Jeff Koonce, Partner, Phelps Dunbar

Jeff Koonce, Partner, Phelps Dunbar

Tuesday, November 18, 2008

Jeff Koonce was chosen to the list of Forty Under 40 winners without much room to spare—he turns 40 on Nov. 20, two days after the deadline. “I guess the person who submitted the nomination figured out how close I was to the cutoff,” Koonce says. “It’s a good 40th birthday present.”

While Koonce is a tax attorney who has earned professional honors, he has a side career as an adjunct professor at LSU’s Paul M. Hebert Law Center, where he teaches federal income tax law. Koonce got into teaching after he was in a severe car accident about five years ago. The wreck caused him to reassess his priorities.

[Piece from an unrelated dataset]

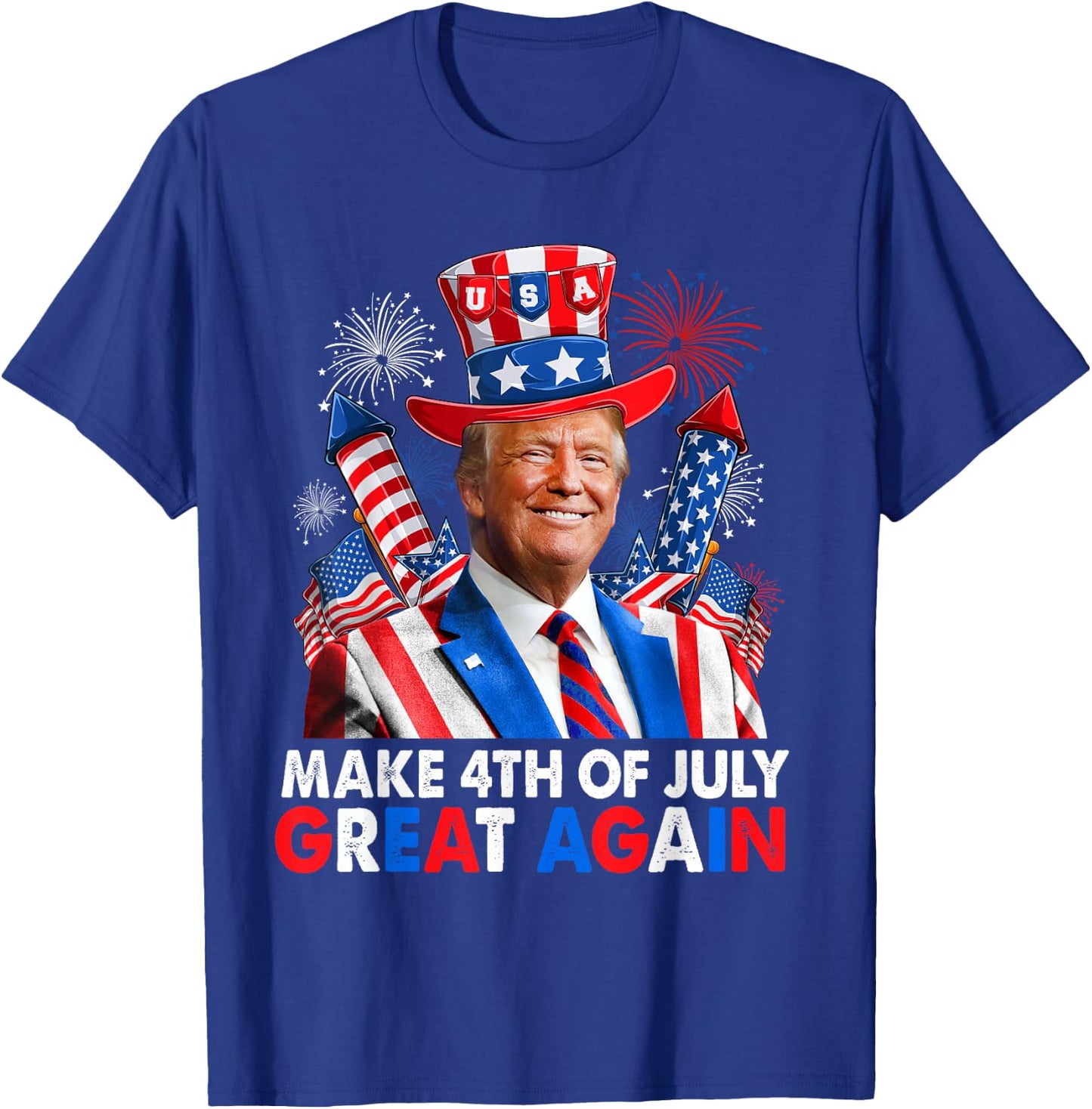Donald Trump Patriotic Firework Make 4th Of July Great Again T-Shirt - T-Shirt | Royal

“It was kind of a come-to-Jesus moment,” he says. “I started thinking about what was really important to me and a way for me to give back.”

Balancing his duties at Phelps Dunbar, at the law school and with his family have led Koonce to make sacrifices—such as not sleeping in on the weekend. “I do all of my work for my class between 5 a.m. and 9 a.m. on Saturday,” he says.

For Koonce, teaching is his way of thanking the LSU professors that inspired him. “There are some very bright minds at the law center,” he says. “I want to do something to help them focus in the right direction.”

Before Koonce entered law school, he drifted across several fields of study. He started out as a trombone performance major, playing keyboards and singing for SRO, a Top 40 band that played in local clubs in the early 1990s. But Koonce says he never had any interest in being a professional musician and he shifted his studies over to accounting. “I kind of meandered around,” Koonce says. “I didn’t want to practice public accounting.” His father, a retired CPA, suggested that Koonce go to law school.

After taking a course on tax law, Koonce says he found his calling. He even found the class to be “a lot of fun,” which is something you don’t hear every day about tax law. “Tax law is boring in the abstract,” he says, “but when it’s your money, it’s real important.”

Age: 39

What was your first job?

“It’s not very glamorous. I was a janitor in New Orleans raising money to buy my first car.”